The slogan “drop, cover and hold on” is well-known as a way to protect from earthquake hazards. Watson took it a step further by adding “think” as the first step in the slogan.
“You need to back away, look at your environment and you need to think. Think about your surroundings — what can harm you and what can save you. Think about how your first move could save your life or somebody else’s,” Watson said.
“Your ultimate goal when earth shaking starts is to move to a safe location. Your chances of survival increase dramatically if you are able to make it outside.
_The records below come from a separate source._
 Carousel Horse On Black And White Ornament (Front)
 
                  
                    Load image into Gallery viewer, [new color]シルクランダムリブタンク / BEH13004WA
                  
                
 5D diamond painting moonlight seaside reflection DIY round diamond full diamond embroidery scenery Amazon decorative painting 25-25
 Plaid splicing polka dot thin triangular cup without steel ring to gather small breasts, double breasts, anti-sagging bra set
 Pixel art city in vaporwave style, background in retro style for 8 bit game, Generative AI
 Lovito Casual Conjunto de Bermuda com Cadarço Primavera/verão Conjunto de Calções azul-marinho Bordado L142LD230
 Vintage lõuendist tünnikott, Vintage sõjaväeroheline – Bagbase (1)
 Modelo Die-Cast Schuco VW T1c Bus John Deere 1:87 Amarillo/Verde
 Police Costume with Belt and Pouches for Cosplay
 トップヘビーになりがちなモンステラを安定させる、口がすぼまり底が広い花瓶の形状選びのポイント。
“Drop beneath a sturdy structure, preferably outside of a building. You need to continue to think while you are looking for a place to hide. If you are outside, look all around at things that could fall and hurt you. There are a lot of old buildings in Plumas County so watch for collapsing buildings, and, if able, hide in an area away from them.
“Next you need to cover. Find something to guard yourself from falling debris. If you are next to a window, move far enough away that the glass doesn’t shatter all over you. Watch out for light fixtures, plants, and hanging objects that could fall down.
“Hold onto whatever is nearby. If appliances can bounce around the room, so can you.”
What you do after the earthquake is almost as important as what you do during it. Once the shaking stops, check your health. “Make sure you are OK. If you are, then make sure others are OK, starting with any seniors who may be nearby. Also, don’t forget to check on pets,” said Watson.
Constantly be aware of your surroundings. If you smell gas, turn off the gas valve or have someone do it for you. Avoid lighting up a cigarette in an area where there may be ruptured gas lines.
Always keep a preparedness kit and emergency supplies on hand. This could include food, water, blankets, batteries, flashlights and other necessities.
“After a large earthquake, there is a significant chance for large aftershocks. Be aware that they will occur. If you re-enter a damaged building, be mindful that more shaking could cause more damage.
“Earthquakes do not last very long — usually only a few seconds to a few tens of seconds. Remember that once that brief moment of terror is gone, you will need to pick up your life and move on,” Watson said.